La scelta va fatta senza dubbio non elemosinando la potenza (watt) ossia l'energia che è in grado di fornirci. Generalmente bisogna partire da un minimo di 2-3 ampere con una potenza di 50 e più watt. Inutile dire che deve essere regolabile, cioè a tensione variabile e soprattutto protetto contro i cortocircuiti! Se vogliamo una partenza da 0 volt dobbiamo spendere qualcosa in più, altrimenti partendo da circa 3 volt minimi rientriamo nella norma e se ne trovano di più economici. In campo audio non sottovalutare la scelta ad un tipo con alimentazione duale in modo da avere contemporaneamente una tensione positiva ed una negativa (utile per gli amplificatori operazionali).

generator GENERATORE SEGNALI. Il generatore di segnali è la nostra fonte per avere appunto dei segnali, forme d'onda controllate per testare i nostri circuiti o per verificarne il corretto funzionamento. Il più comune è l'oscillatore o generatore sinusoidale che fornisce una corretta sinusoide con ampiezza e frequenza variabile, ne esistono di tutti i tipi, dai millihertz ai gigahertz. Spesso, in bassa frequenza (utile nel campo dell'audio) oltre alla sinusoide è presente l'onda quadra ed anche triangolare e si ha la funzione di sweep (spazzolamento frequenza), mentre in alta frequenza è facile trovare abbinata la modulazione dell'onda in ampiezza ed anche in frequenza.
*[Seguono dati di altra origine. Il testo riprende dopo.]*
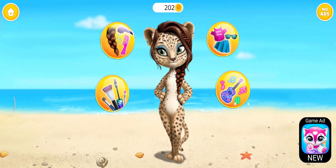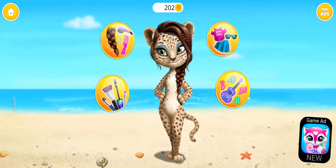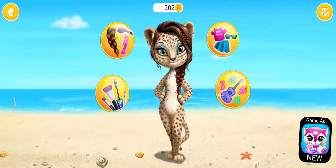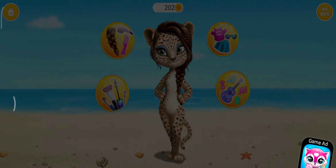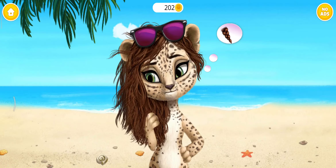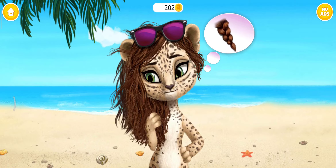Hi! Can you be my stylist? My hair is a mess. Can you help me?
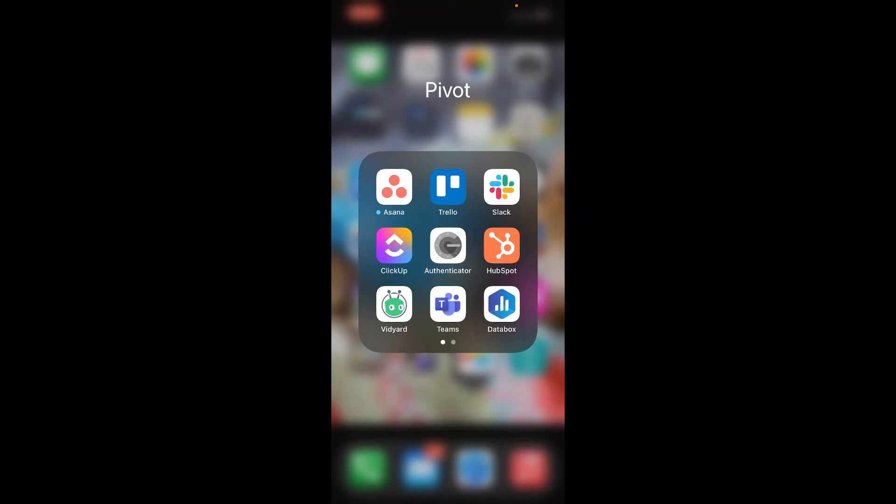Hi, this is Krista from Pivot and today I'm going to walk you through using the HubSpot mobile app, specifically the business card scanner capability that is in there.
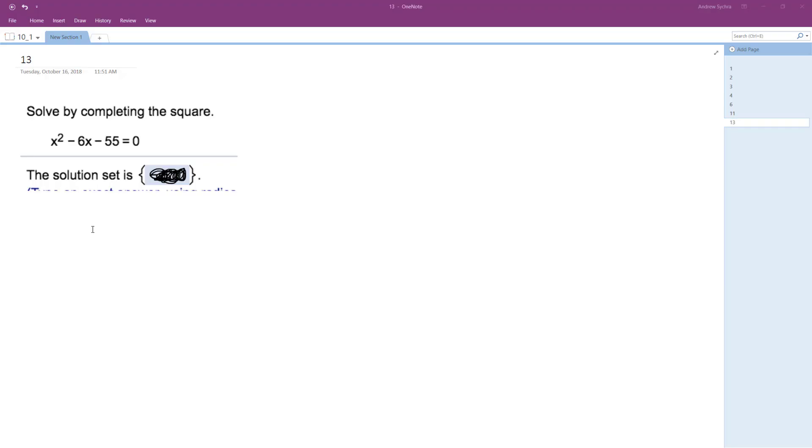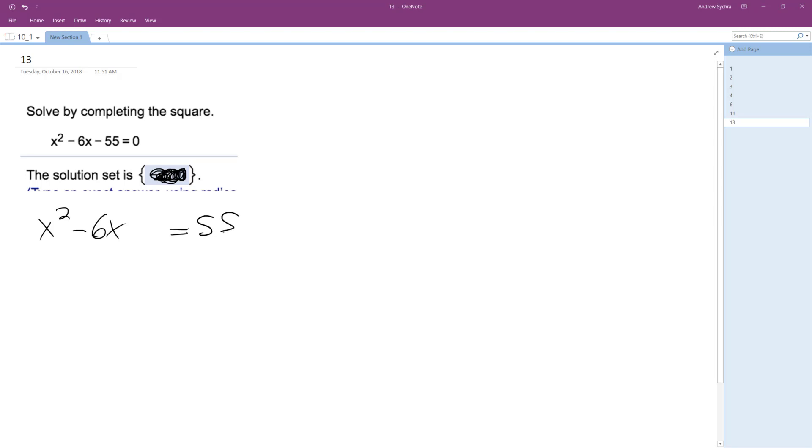We want to solve the following problem by completing the square. Of course, we could just use the quadratic formula or do some other means, but we can go ahead and do this. So x squared minus 6x, and then move negative 55 over to the right side.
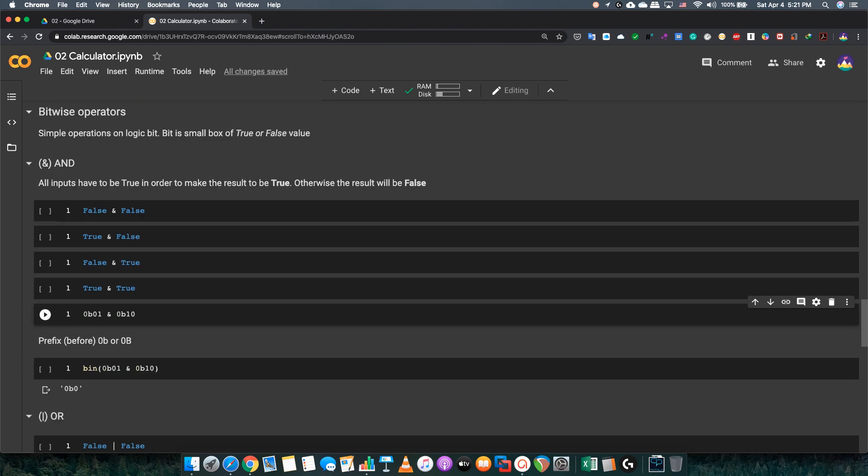Bitwise operations are simple operations on logic bit. Bit is a small box of true or false value. On the bitwise operators, we will see AND and OR. The other ones are complicated, and that's why we're not even going to tell them here. AND, all inputs have to be true in order to make the result to be true. Otherwise, the result will be false.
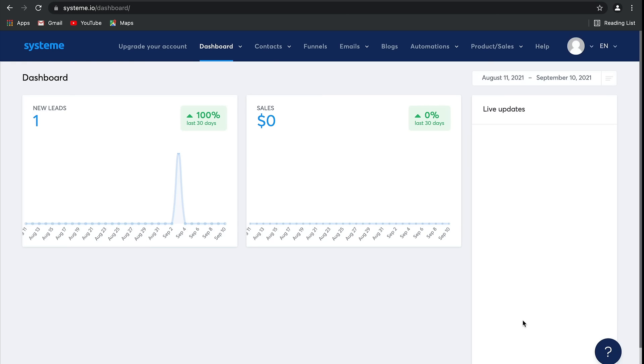Let's go to the next video where I'm going to show you how to manage your contacts within System.io.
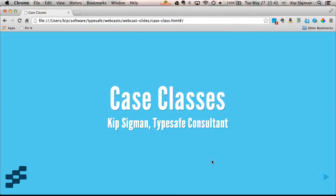Hello, I'm Kip Sigmund, a consultant for TypeSafe, and I'm going to introduce you to case classes in Scala.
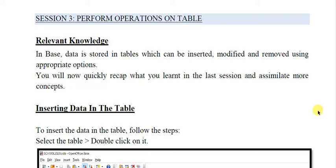Dear students, today we will be discussing session number 3 of unit 3, where we are discussing database management system. Our software is OpenOffice Base. The topic for this session is performing operations on tables. You already know that in Base, data is stored in tables which can be inserted, modified, and removed using appropriate options.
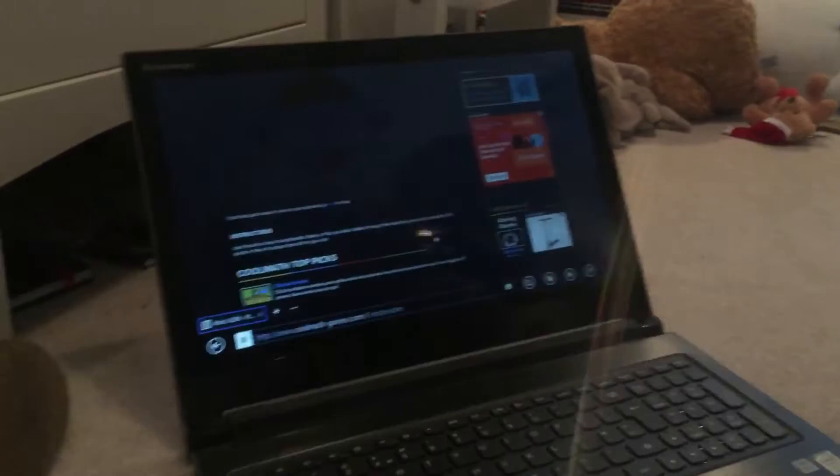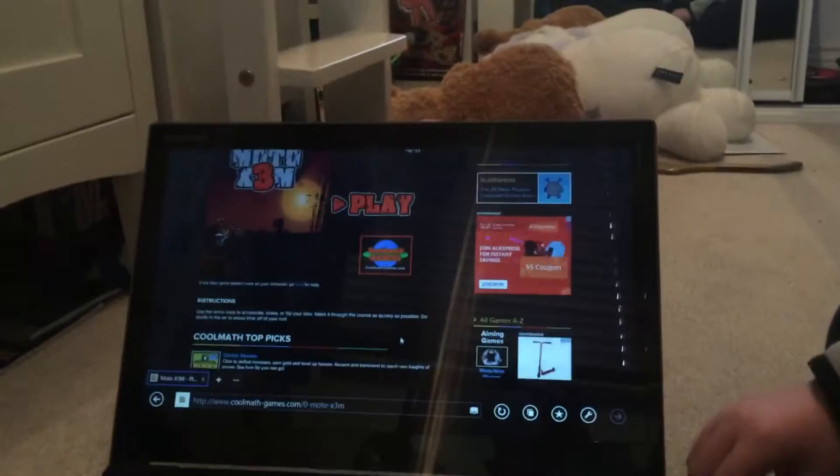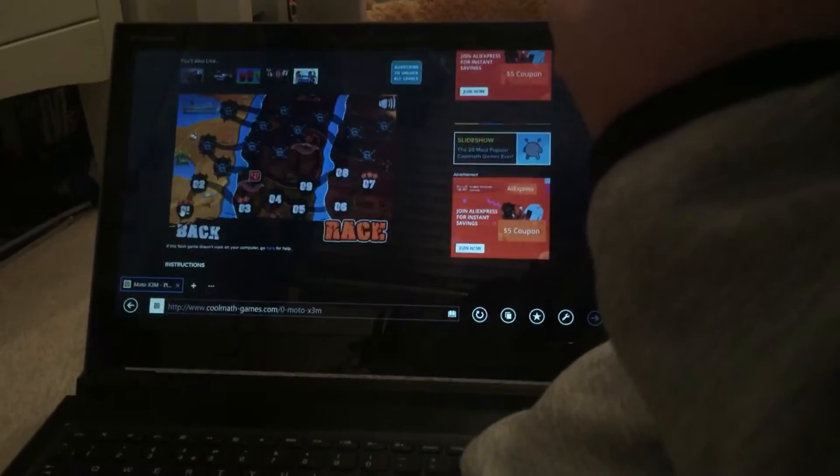Anyway, we're just going to go into Cool Math. If you've played this before, comment down below and see what your favorite game is. So which one are you playing? Moto X3M. Moto X3M. Oh, that's quite a good one.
Esistono poi i generatori di funzioni arbitrarie cioè capaci di generare una qualsiasi forma d'onda creata appositamente oltre alle forme classiche.

ana ANALIZZATORE LOGICO. Per quanto riguarda l'analizzatore logico rientriamo in una specificità dello strumento nel senso che serve in un determinato campo di applicazione: l'elettronica digitale, appunto circuiti logici a microprocessore. Non ha quindi la versatilità di un'oscilloscopio ad esempio. Gli analizzatori logici sono e sono sempre stati costosi anche se oggi con il mercato dell'usato si trovano degli ottimi apparecchi ad un costo contenuto, inoltre sono sempre più presenti interfaccie per PC che ne fanno le veci (anche se sconsigliate). Il parametro fondamentale per un analizzatore logico è la velocità di campionamento ossia la capacità di acquisizione del segnale in esame, oggi si parla tranquillamente di gigasample al secondo, cose impensabili fino a non molto tempo fa. Il numero di canali di acquisizione è un altro parametro importante ma generalmente in commercio si trovano con un numero elevato ad esempio 72 o 136 che coprono la maggior parte delle nostre esigenze. A seconda dello scopo per cui si utilizza va considerata anche la profondità di memoria, cioè in altre parole che quantità del segnale riesce a memorizzare per poi poterlo analizzare con tutta tranquillità.

spettro ANALIZZATORE DI SPETTRO. Per l'analizzatore di spettro valgono le stesse considerazioni fatte per quello logico, ovviamente il campo di applicazione è diverso. Qui parliamo di radioamatori per esempio, trasmissione ad alta frequenza, e nel campo dell'audio è utile per il calcolo e verifica dei filtri.
Anche qui, come un po per tutti gli strumenti, torna alla ribalta il discorso di analogico o digitale, ovviamente valgono sempre le stesse considerazioni, ossia dove dobbiamo impiegarlo, ricordandoci sempre che per i modelli digitali può risultare utile l'interfacciamento con il computer per misurazioni automatiche e forse soprattutto per l'archiviazione e stampa delle forme d'onda acquisite. Caratteristica principale dell'analizzatore è la sua banda di esercizio in frequenza.